This Sunday, Erik Thoennes will preach the following passage from 1 Peter 1:3-5:
“Blessed be the God and Father of our Lord Jesus Christ! According to His great mercy, He has caused us to be born again to a living hope through the resurrection of Jesus Christ from the dead, to an inheritance that is imperishable, undefiled, and unfading, kept in heaven for you, who by God’s power are being guarded through faith for a salvation ready to be revealed in the last time.”
These words represent a firehose of blessings, a piling on of grace that leaves us breathless. C. H. Spurgeon (1832-1892) addressed the brilliance of these few verses in a sermon titled “A String of Pearls.”
“I might almost entitle these three verses a ‘New Testament Psalm’; they are stanzas of a majestic song. You have here a delightful hymn. It scarcely needs to be turned into verse; it is in itself essential poetry.
“Now, my Brothers and Sisters, to lead the mind to praise God is one of the surest ways of uplifting it from depression. The wild beasts of anxiety and discontent which surround our bivouac in the wilderness will be driven away by the fire of our gratitude and the song of our praise. When the Psalm recounts with joyous gratitude the Mercies which God has given us, it supplants distress by thankfulness, even as the fir tree and the myrtle take the place of the thorn and the brier where the Gospel works its wonders!
“In these three verses, we have a string of pearls, a necklace of diamonds, a cabinet of jewels – no, the comparisons are poor. We have something far better than all the riches of the earth can ever typify. You have here the heritage of the Chosen of God – your heritage.
“Beloved, this is your own peculiar portion if you belong to Christ this day.
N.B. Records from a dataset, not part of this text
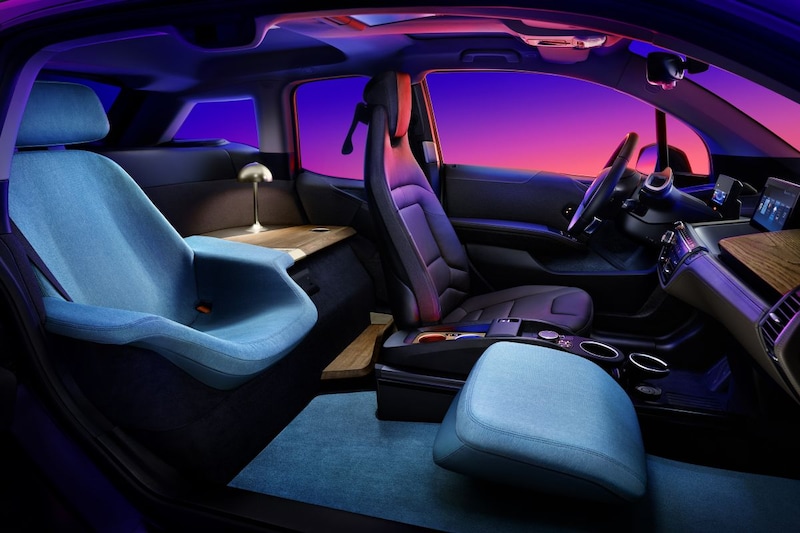 BMW i3 Urban Suite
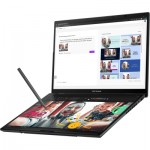 Огляд Ноутбук ASUS Zenbook Duo UX8406MA-QL104W (90NB12U1-M00N80): характеристики, відгуки, ціни.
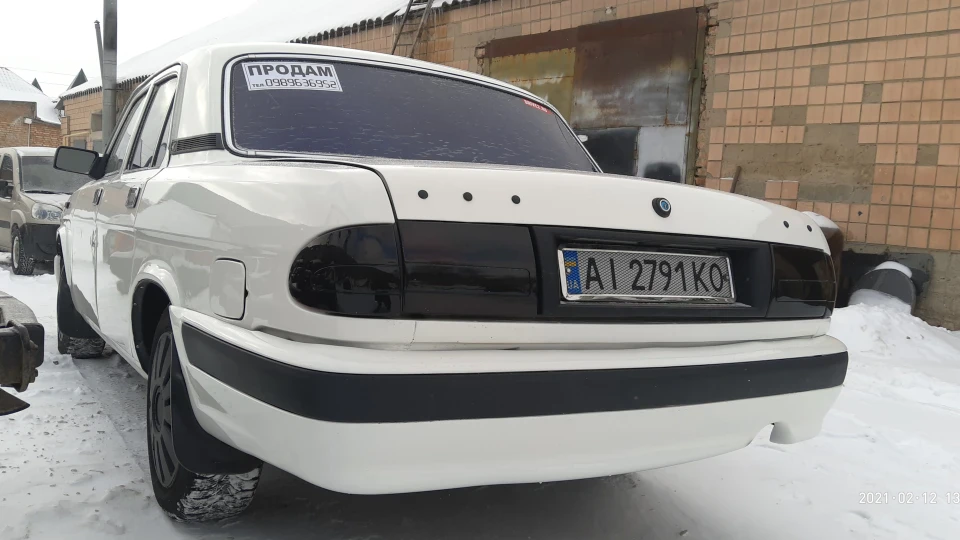 ГАЗ 31 3
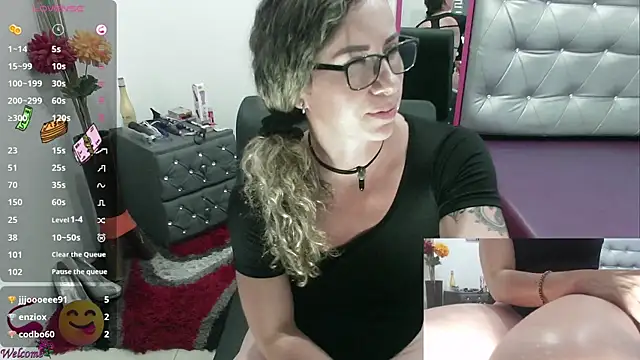 Snapshot of ViickySexy chatting on 13, 2, 2025 ViickySexy online show from 13, 2, 2025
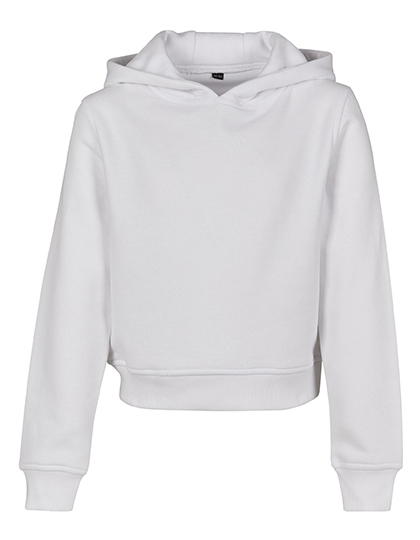 Cropped Sweat-Hoodie für Damen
We shall conduct you through this mine of treasure and ask you to dwell upon each blessing, that your souls may be comforted and that you, lifting up your hearts in blessing and praising the God of All Grace, may forget your cares and sorrows and find a young Heaven begun below – a Paradise blooming amid the desert!”
May our hearts respond in the kind of worship that’s appropriate as we consider the great mercy of our God this Sunday. To assist us, consider the words of Henry Scougal (1650-1678). During the course of his short life, Scougal wrote a book titled The Life of God in the Soul of Man that greatly influenced John and Charles Wesley. His prayer is a touching response to the God who has done so much to include us in His great plan of salvation.
“Infinite and eternal Majesty! Author and Fountain of being and blessedness! How little do we poor sinful creatures know of Thee or the way to serve and please Thee. We talk of religion and pretend unto it – but, alas! – how few are there that know and consider what it means. How easily do we mistake the affections of our nature and issues of self-love for those divine graces which alone can render us acceptable in Thy sight!
“It may justly grieve me to consider that I should have wandered so long and contented myself so often with vain shadows and false images of piety and religion. Yet, I cannot but acknowledge and adore Thy goodness, who hast been pleased in some measure to open mine eyes, and let me see what it is at which I ought to aim.
“I rejoice to consider what mighty improvements my nature is capable of and what a divine temper of spirit doth shine in those whom Thou art pleased to choose and causest to approach unto Thee.
“Blessed be Thine infinite mercy, who sent Thine own Son to dwell among men and instruct them by His example as well as His laws, giving them a perfect pattern of what they ought to be. O that the holy life of the blessed Jesus may be always in my thoughts and before mine eyes, till I receive a deep sense and impression of those excellent graces that shined so eminently in Him! And let me never cease my endeavours, till that new and divine nature prevail in my soul and Christ be formed within me.”